**TASK ITEM:**
Any picture in the data below should be skipped, while every line is repeated exactly.

**EXTRACTED DATA:**
=== Begin Enclosure ===

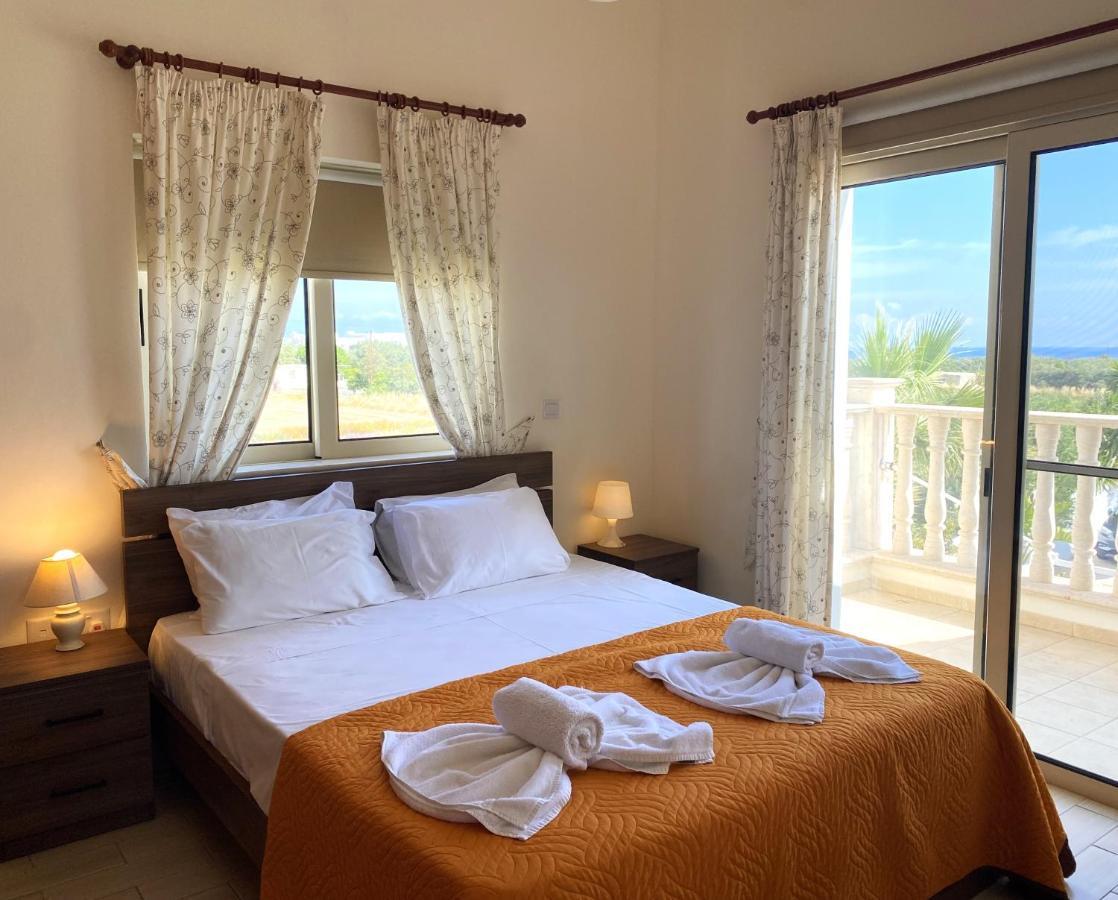 Villas Ithaca Протарас Екстериор снимка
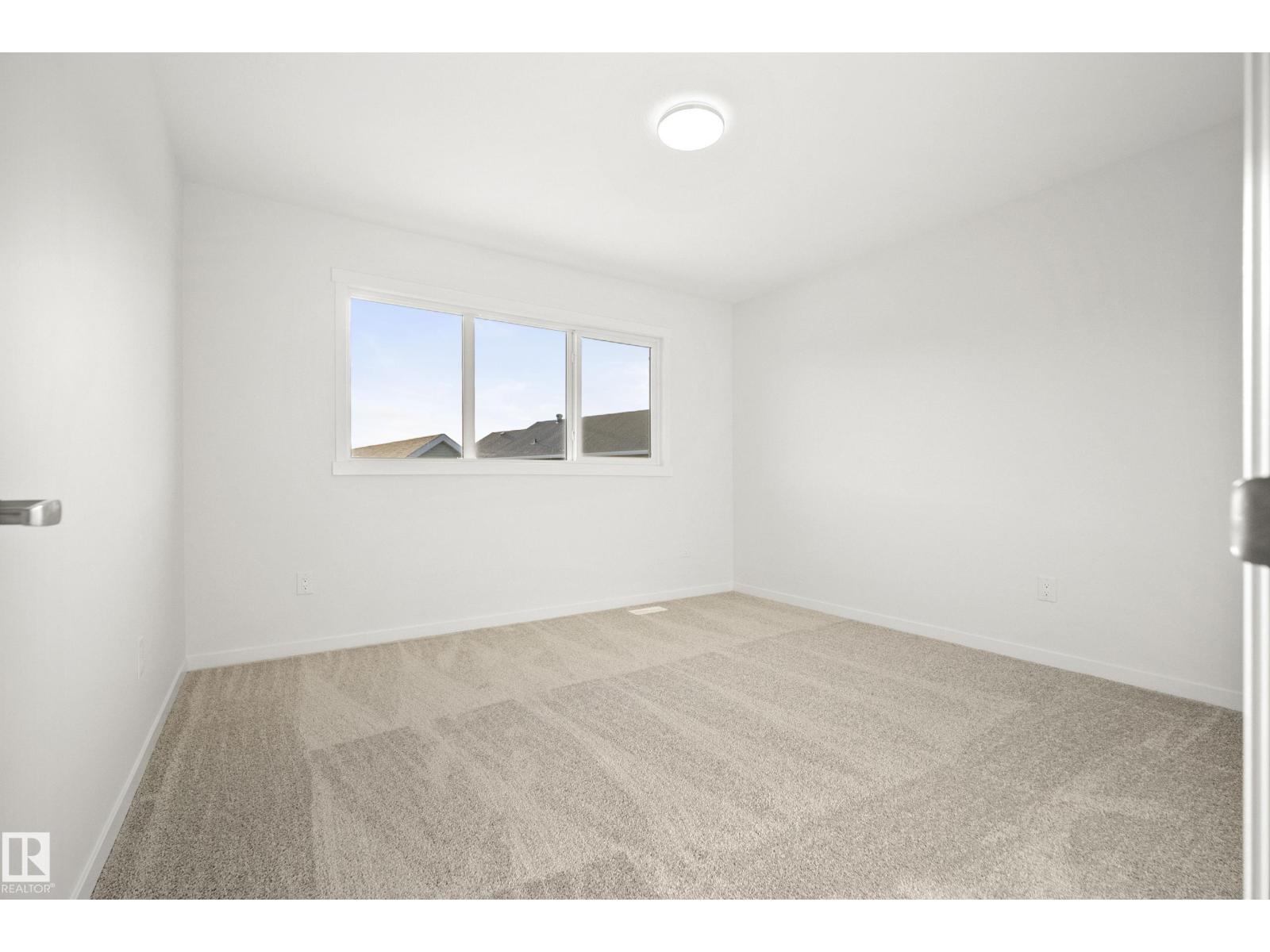 153 ROYAL ST, St. Albert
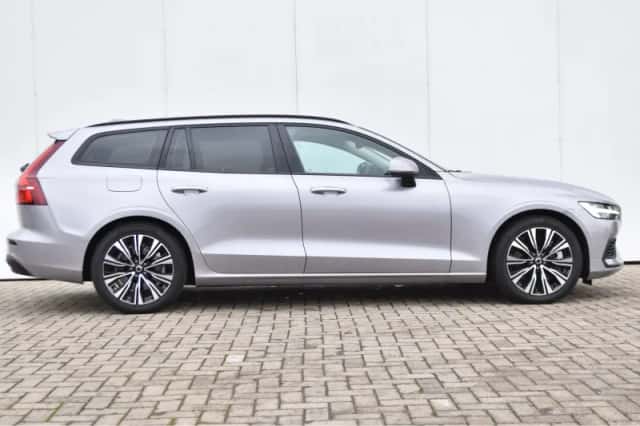 Volvo V60 (2025) thumbnail 5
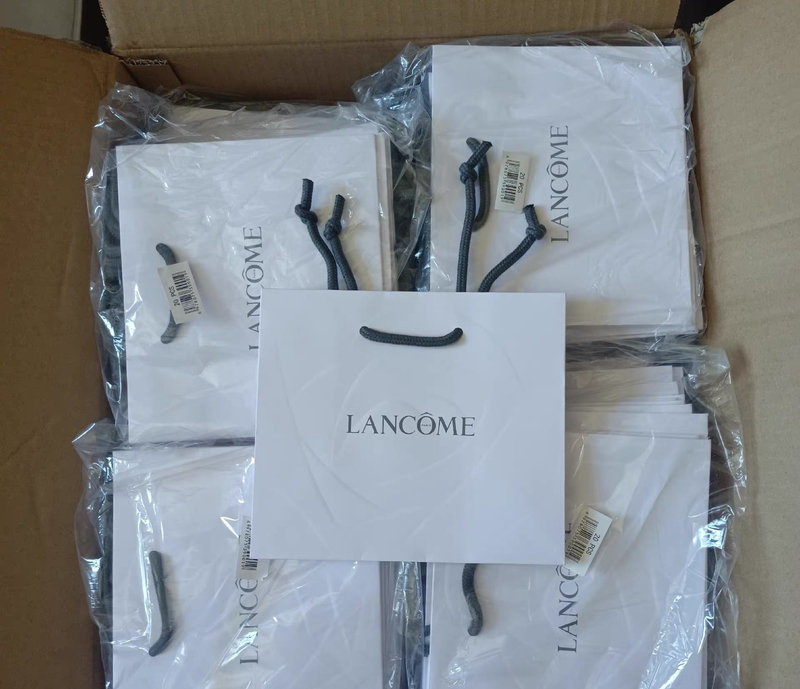 New Version of Lan Gift Bag with Embossed Texture, Counter Tote Bag, Skincare Product Packaging Bag, Hand-Held Paper Bag, Genuine Gift-Giving
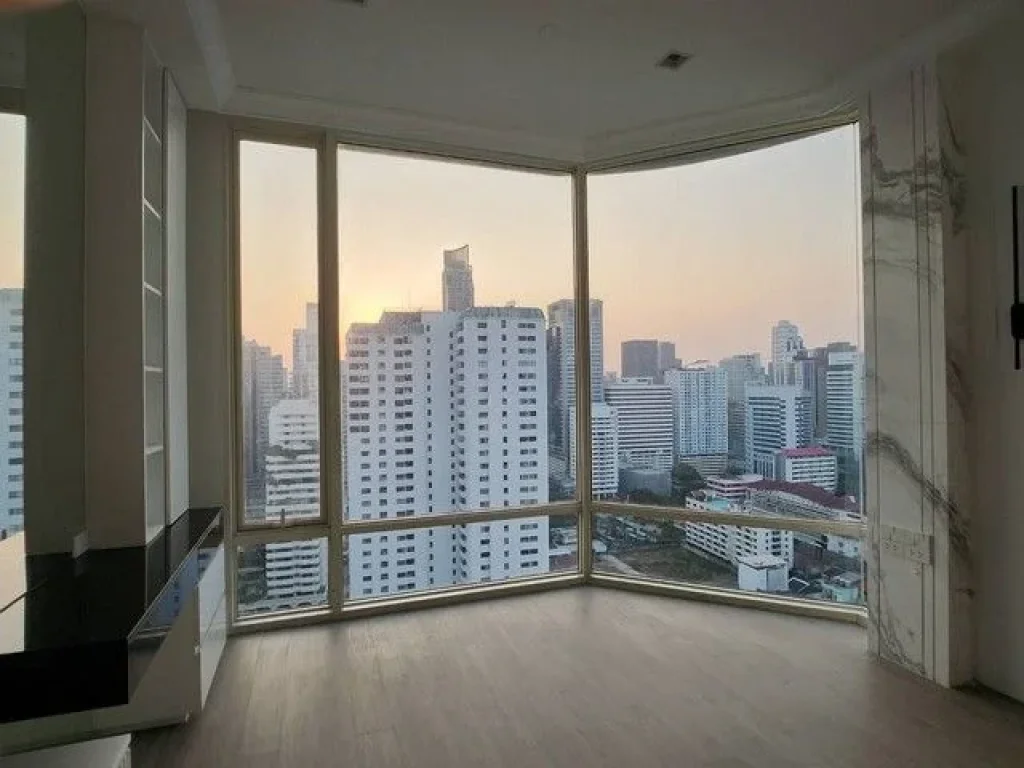 ขาย คอนโดหรูระดับ Super Luxury 3 ห้องนอน 3 ห้องน้ำ Condo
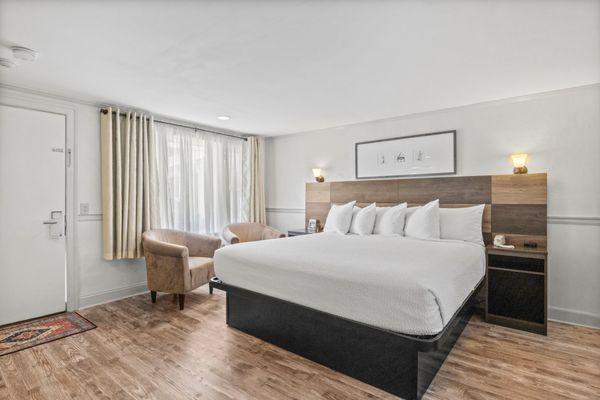 KING Deluxe - Non-Smoking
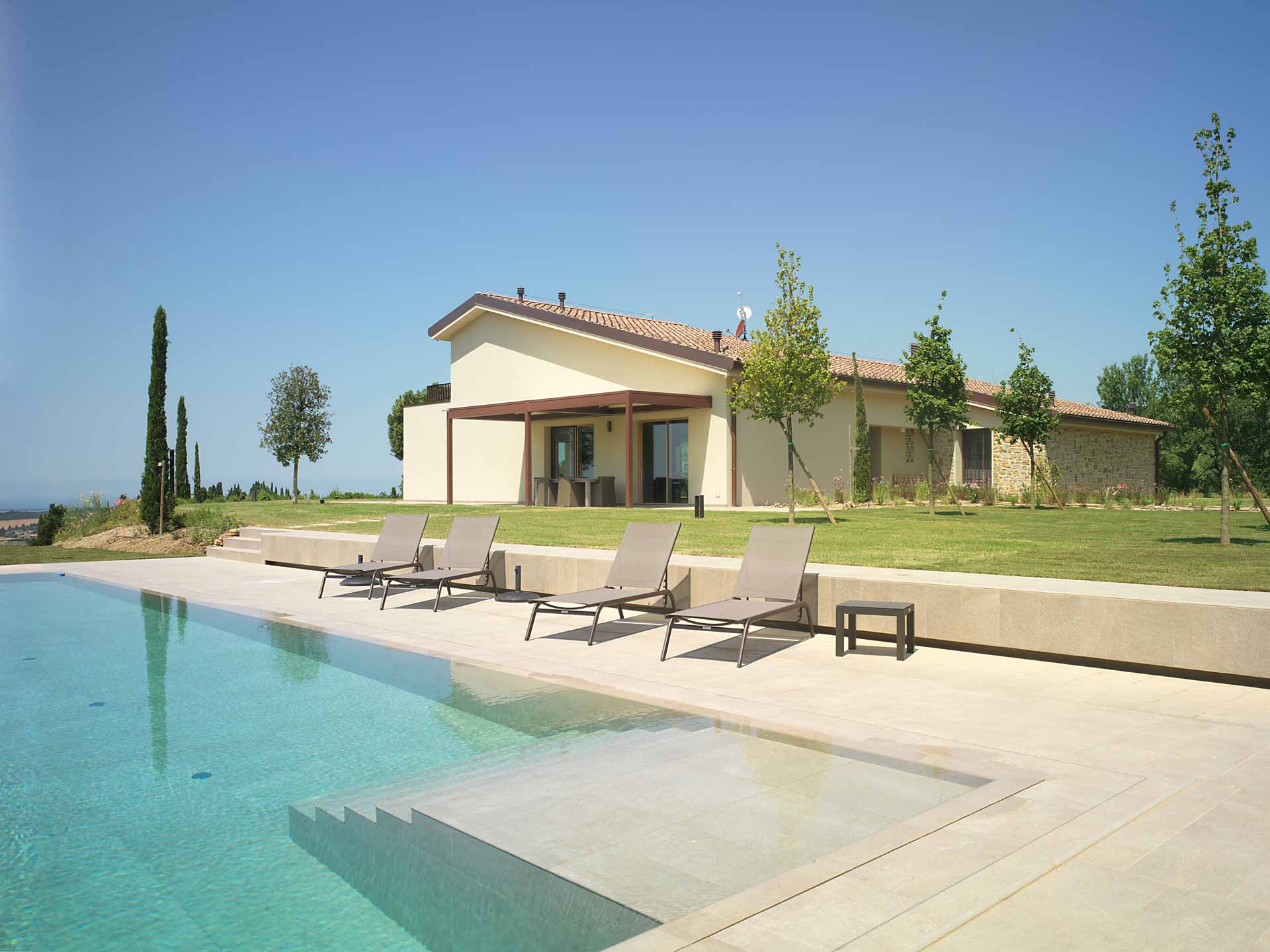 Villa Pisa, vista generale con piscina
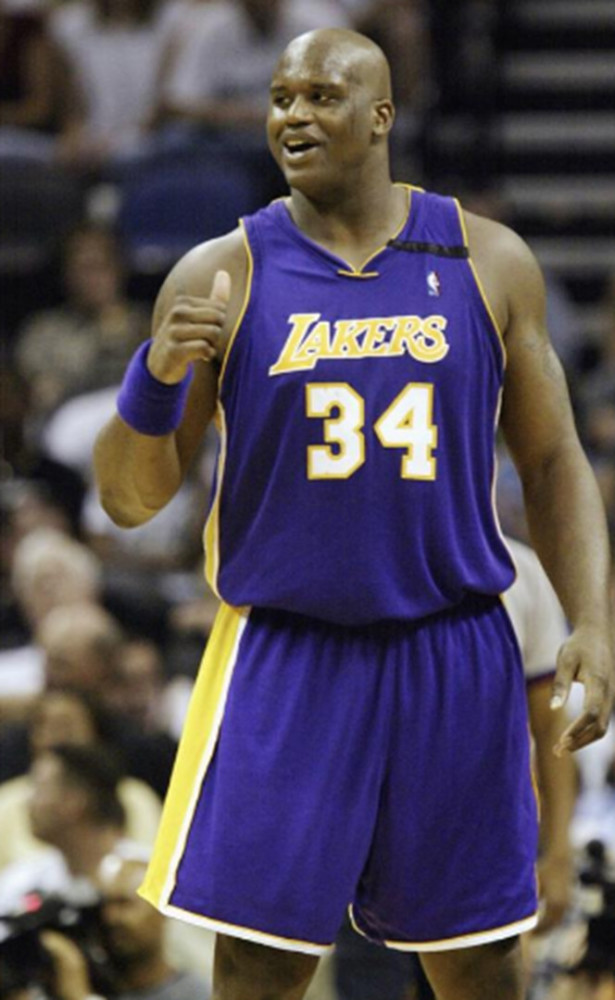 亚特兰大4-0十人热那亚晋级意杯8强，吉姆西蒂、德容恩破门（亚特兰大4-0大胜少一人热那亚挺进意杯八强，吉姆西蒂与德容恩建功）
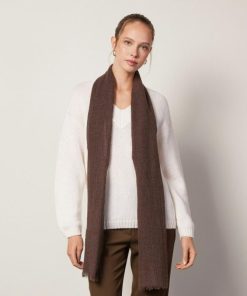 Taralawrence.shopec4539c1f8 2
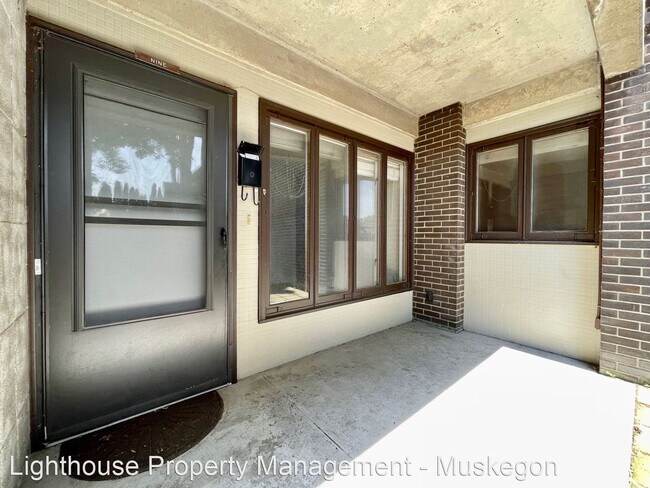 Building Photo - 2 br, 1 bath House - 815 S. Despelder #9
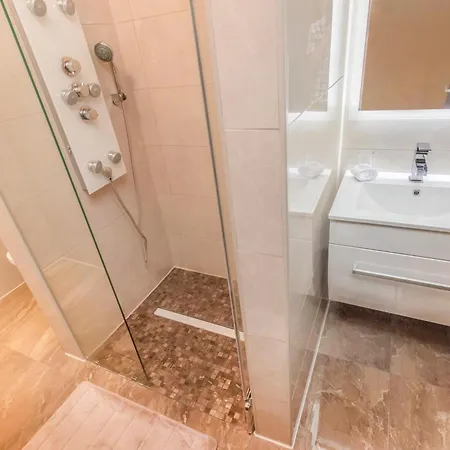 Good Cama ポセダリェ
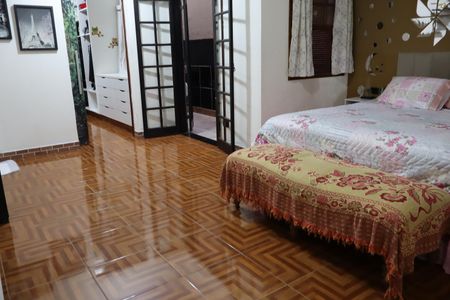 Casa à venda com 205m², 3 quartos e 2 vagasSuite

=== End Enclosure ===

**OUTPUT:**
 Villas Ithaca Протарас Екстериор снимка
 153 ROYAL ST, St. Albert
 Volvo V60 (2025) thumbnail 5
 New Version of Lan Gift Bag with Embossed Texture, Counter Tote Bag, Skincare Product Packaging Bag, Hand-Held Paper Bag, Genuine Gift-Giving
 ขาย คอนโดหรูระดับ Super Luxury 3 ห้องนอน 3 ห้องน้ำ Condo
 KING Deluxe - Non-Smoking
 Villa Pisa, vista generale con piscina
 亚特兰大4-0十人热那亚晋级意杯8强，吉姆西蒂、德容恩破门（亚特兰大4-0大胜少一人热那亚挺进意杯八强，吉姆西蒂与德容恩建功）
 Taralawrence.shopec4539c1f8 2
 Building Photo - 2 br, 1 bath House - 815 S. Despelder #9
 Good Cama ポセダリェ
 Casa à venda com 205m², 3 quartos e 2 vagasSuite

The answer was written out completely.